EntityExtractor uses the elastic/distilbert-base-cased-finetuned-conll03-english model by default. All entities the model extracts populate documents' metadata.

Basic Information

Pipeline type: Used in indexing and query pipelines. In indexing pipelines, it extracts entities from all documents in the Document Store. In query pipelines, it extracts entities from the retriever documents only.
Nodes that can precede it in a pipeline:
- In indexing pipelines: PreProcessor, CNAzureConverter, PDFToTextConverter, TextConverter
- In query pipelines: Retriever, InterleaveDocuments, JoinDocuments, Ranker, RetrievalScoreAdjuster
Nodes that can follow it in a pipeline:
- In indexing pipelines: None (it's recommended to be placed after PreProcessor)
- In query pipelines: Reader, ReferencePredictor, Ranker, RetrievalScoreAdjuster, PromptNode, JoinDocuments, InterleaveDocuments
Node input: Documents
Node output: Documents
Available node classes: EntityExtractor

Usage Example

Here's an example of an EntityExtractor used in a query pipeline. It extracts entities from the retrieved documents only and the extracted entities populate the documents' metadata.

components:
  - name: EntityExtractor
    type: EntityExtractor
  - name: DocumentStore
    type: DeepsetCloudDocumentStore
    params: 
      embedding_dim: 768
      similarity: cosine 
  - name: Retriever
    type: EmbeddingRetriever
    params:
       document_store: DocumentStore
       embedding_model: intfloat/e5-base-v2 
       model_format: sentence_transformers
       top_k: 20      
    ...
 pipelines:
  - name: query
    nodes:
      - name: Retriever
        inputs: [Query]
      - name: EntityExtractor
        inputs: [Retriever] 
        ...

This is an indexing pipeline with EntityExtractor. As a result, all documents in the Document Store have extracted entities in their metadata.

✅
Tip
Make sure EntityExtractor comes after PreProcessor.

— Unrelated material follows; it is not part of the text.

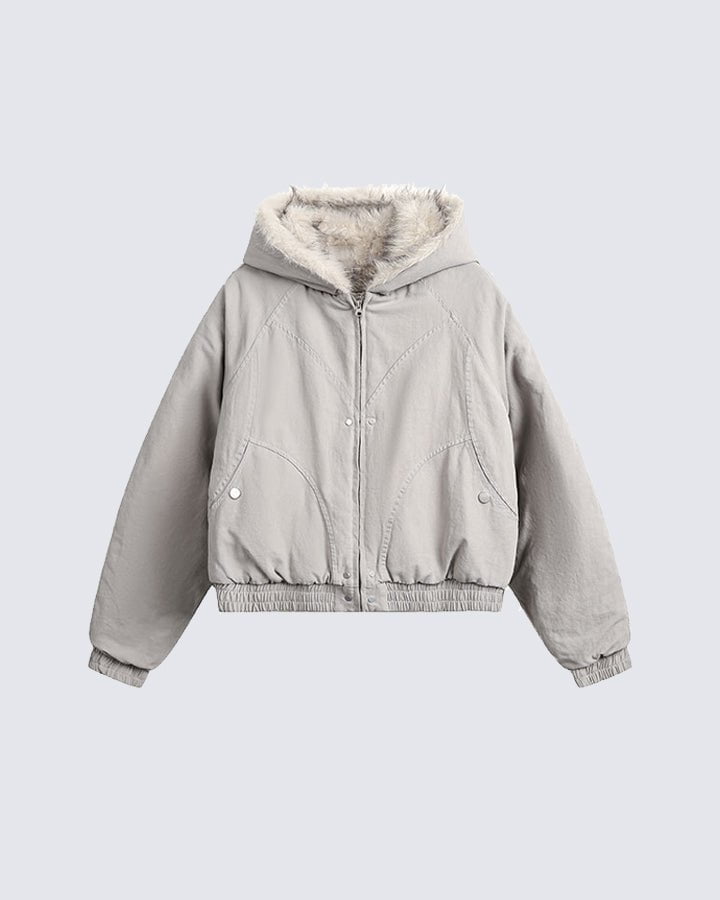 Structured Faux Fur Collar Padded Hooded Jacket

That's because PreProcessor splits documents into smaller chunks, which breaks the alignment with the start and end character indices that EntityExtractor returns.

components:
  - name: DocumentStore
    type: DeepsetCloudDocumentStore # The only supported document store in deepset Cloud
    params:
       embedding_dim: 768
       similarity: cosine
  - name: EntityExtractor
    type: EntityExtractor
    params:
       flatten_entities_in_meta_data: true
  - name: Converter
    type: TextConverter
  - name: Classifier
    type: FileTypeClassifier
  - name: Processor
    type: PreProcessor
    params:
       split_by: word
       split_length: 250
       split_overlap: 30
       split_respect_sentence_boundary: True
       language: en
    ...
 pipelines:
  - name: indexing
    nodes:
      - name: Classifier
        inputs: [File]
      - name: Converter
        inputs: [Classifier.output_1] 
      - name: Processor
        inputs: [Converter]
      - name: EntityExtractor
        inputs: [Processor]
      - name: DocumentStore
        inputs: [EntityExtractor]
        ...

Parameters

You can specify the following parameters for FileTypeClassifier in the pipeline YAML:

Parameter	Type	Possible Values	Description
`model_name_or_path`	String	Default: `elastic/distilbert-base-cased-finetuned-conll03-english`	The name of the model to use for entity extraction. Required.
`model_version`	String	Default: `none`	The version of the model. Optional.
`use_gpu`	Boolean	`True` `False` Default: `True`	Specifies if GPU should be used. Required.
`progress_bar`	Boolean	`True` `False` Default: `True`	Shows the progress bar when processing. Required.
`batch_size`	Integer	Default: `16`	The number of documents to extract entities from. Required.
`use_auth_token`	Union of string and Boolean	Default: `none`	Specifies the API token used to download private models from Hugging Face. If you set it to True, it uses the token generated when running `transformers-cli login`. Optional
`devices`	List of union of string and torch device	Default: `none`	A list of torch devices such as cuda, cpu, mps, to limit inference to specific devices. Example: `[torch.device(cuda:0), "mps, "cuda:1"` If you set `use_gpu` to `False`, this parameter is not used and a single cpu device is used for inference. Optional.
`aggregation_strategy`	Literal	`None` `simple` `first` `average` `max` Default: `first`	The strategy to fuse tokens based on the model prediction. - `none`: Doesn't aggregate and returns raw results from the model. - `simple`: Attempts to group entities following the default schema. This means that (A, B-TAG), (B, I-TAG), (C, I-TAG), (D, B-TAG2) (E, B-TAG2) will end up being [{"word": ABC, "entity": "TAG"}, {"word": "D", "entity": "TAG2"}, {"word": "E", "entity": "TAG2"}] Two consecutive B tags end up as different entities. In word-based languages, this may result in splitting words undesirably. For example, "Microsoft" would be tagged as: [{"word": "Micro", "entity": "ENTERPRISE"}, {"word": "soft", "entity": "NAME"}]. Check the FIRST, MAX, and AVERAGE options for ways to mitigate this example and disambiguate words. These mitigations will only work on real words; "New York" might still be tagged with two different entities. - `first`: Uses the `simple`strategy, except that words cannot end up with different tags. If there's ambiguity, words use the tag of the first token of the word. - `average`: Uses the `simple` strategy, except that words cannot end up with different tags. The scores are averaged across tokens and the label with the maximum score is chosen. - `max`: Uses the `simple` strategy, except that words cannot end up with different tags. The word entity is the token with the maximum score. Required.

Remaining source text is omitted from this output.